Export spot US coking coal prices tracked by S&P Global Platts have outpaced average US domestic contract pricing since 2015, according to data and estimates calculated by S&P Global Platts.

A key component in this comparison is railing and terminal fees, to establish coal pricing netback at the mine for comparison. Seaport expects rates to have increased recently.

Railroads “are generally capturing 15-20 percent of the value of the product,” which would suggest current rail rates including port charges in the mid-USD 30s/st, up from closer to USD 30/st in 2017.

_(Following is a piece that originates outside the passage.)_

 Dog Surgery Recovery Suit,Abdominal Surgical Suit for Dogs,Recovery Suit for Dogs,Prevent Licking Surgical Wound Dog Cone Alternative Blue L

Arch expects potential 1-2 percent/year average global coking coal demand growth through to 2025, which would lead to around 40 million st of additional coking coal supply, Seaport said, citing the company’s Senior Vice President for Strategy Deck Slone.

Slone expects Australia will have to play a critical role in expanding production to meet demand, and is concerned about the lack of projects globally in current pipelines to ensure sufficient supply, it said.

Changes in Chinese import met coal appetite may, on the contrary, be a risk for met coal prices should a sudden drop hit the seaborne market’s marginal supply and demand balance.

Seaport said that “BHP Billiton and many other larger miners don’t seem to be spending much growth capital on their met coal businesses.”

Seaport said that “With their increasing emphasis on using higher quality met coals to maximize coke times/minimize environmental issues and the coastal location of many of their larger blast furnaces, he thinks this is unlikely, but it is a risk given the unpredictability of Chinese policy decisions.”